Let's take a look at how I captured and processed this photo.
#1 Capturing the intensity of the moment and location.
It was a powerful day of shooting, and my goal was to capture what the environment was like.
The wind was blowing at a steady 30+ mph with no break, a wind that didn't stop blowing the entire time we were there. Driving sand and snow and water into our bodies and gear. That is what we experienced, and I wanted an image that conveyed that force. I achieved this by doing two things. The first was timing a shot that showed the crashing wave in the background, and also by making sure the shutter speed was slow enough to allow some of the snow to blur as it was blowing by. The camera settings were as follows: 1/400s f/4.0 ISO200 56mm using the mZuiko 40-150mm f/2.8 PRO with MC-14 Teleconverter attached.
I also "simulated" more motion by using the Nik(Google) plugin Analog Efex Pro 2. I applied a motion filter to the outer radius of the image, and made sure to preserve the clarity of my main subject, David. Sometimes I will "fake it to make it" in my shots. So long as I get my emotion through I am never afraid or ashamed to work it in post.
#2 Create a composition that creates more than a photo.
Wow...Pretty lofty statement right? But for me that is what this scene means. It is more than a photo, it a slice of emotion. The emotions I feel when I see this are a sense of movement, intensity, and of man enduring the elements to create his art.
I saw the composition before I ever pulled the camera to my eye. I knew that because of where the wind (and of course snow) and water were coming from, that I wanted the image to be framed in a way that put the viewer in the position of looking towards where our subject is looking. I did this by composing our subject into the right third of the image and exaggerating the aspect ratio to beyond a 16:9 formatting. Everyone knows 16:9, and in the day and age of widescreen everywhere, I wanted to move outside of what is a "normal" aspect ratio for us. I think this is "just wide enough" to be non-typical, but not so extreme as to be uncomfortable to view.
#3 Color is of no use to me.
I opted for black and white for a couple of reasons. The first of which is that color would add nothing to this scene, and would possible take away from our subject because the water cresting the pier was a brooding green under the frothy white foam.
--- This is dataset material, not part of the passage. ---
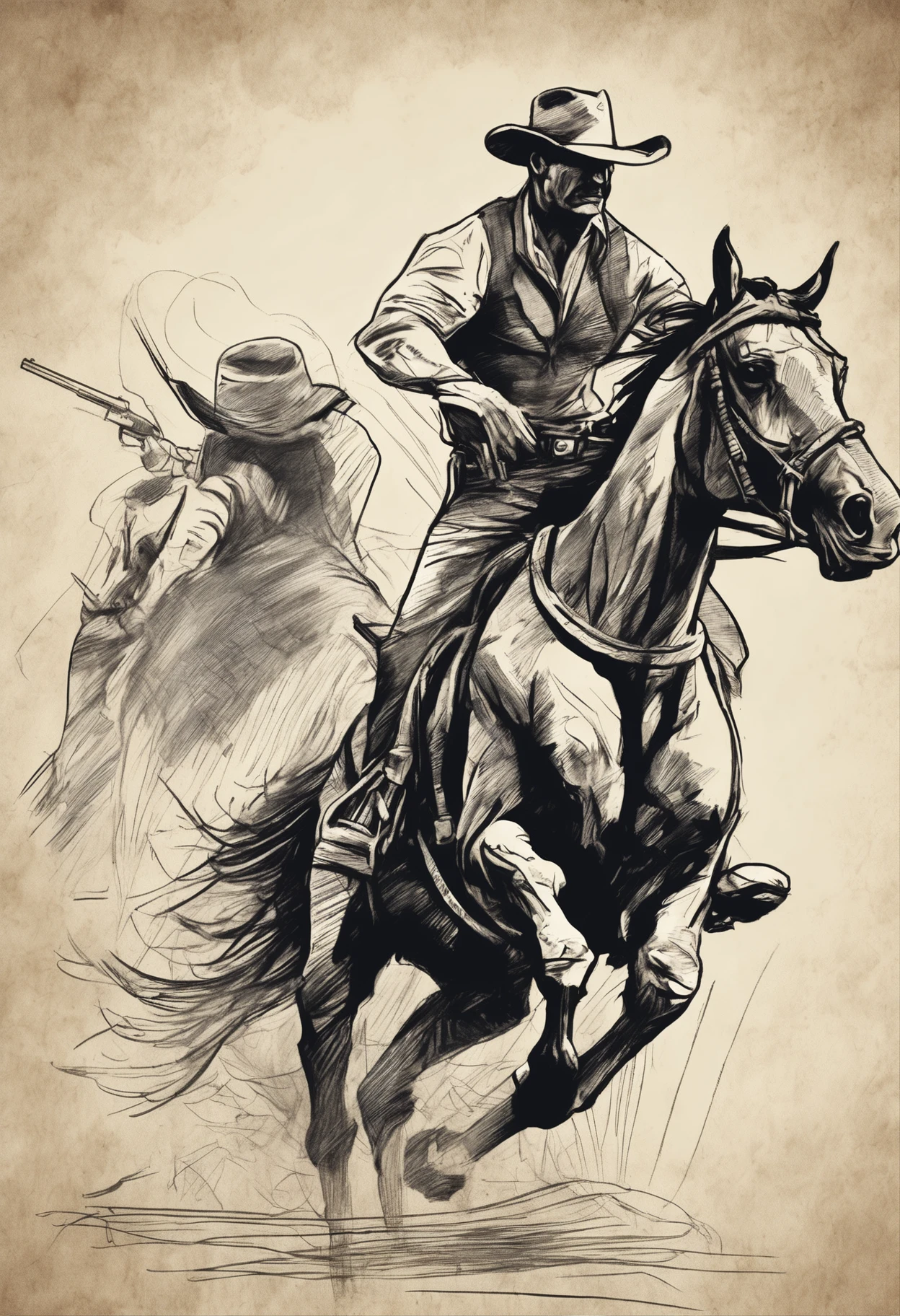 A cowboy with gun in hand, ((angry 1.4)), raiding a running horse, Screaming, with hat, action, dark side, Mystery , Dark Background, Rough charcoal sketch on old paper, muscular Male figure,dynamic pose,clean line art,+expressive line,in the style of expressive sketch drawing, hatching, black and white sketch, hand drawing, Rough charcoal sketch on old paper, muscular Male figure,dynamic pose,clean line art,+expressive line,in the style of expressive sketch drawing, hatching, black and white sketch, hand drawing, sketching, linear style::Sketchnote Stylesketching, linear style::Sketchnote Style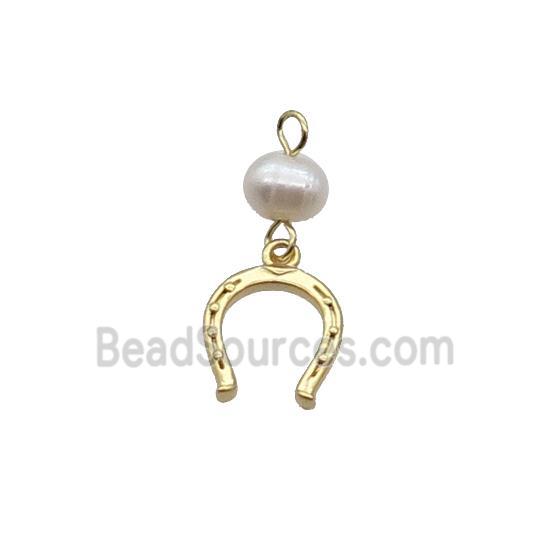 Copper HorseShoe Pendant With Pearl Gold Plated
The second reason I chose to process in black and white was the stones in the background contained so much detail, structure, and character. I knew that a contrasty black and white processing would show off this feature. Albeit the stones are not the main player here, but they do offer some interest to the viewer once they let their eyes wander the scene.
So there you have it....My process, thoughts, and methodology for creating The Last Shot.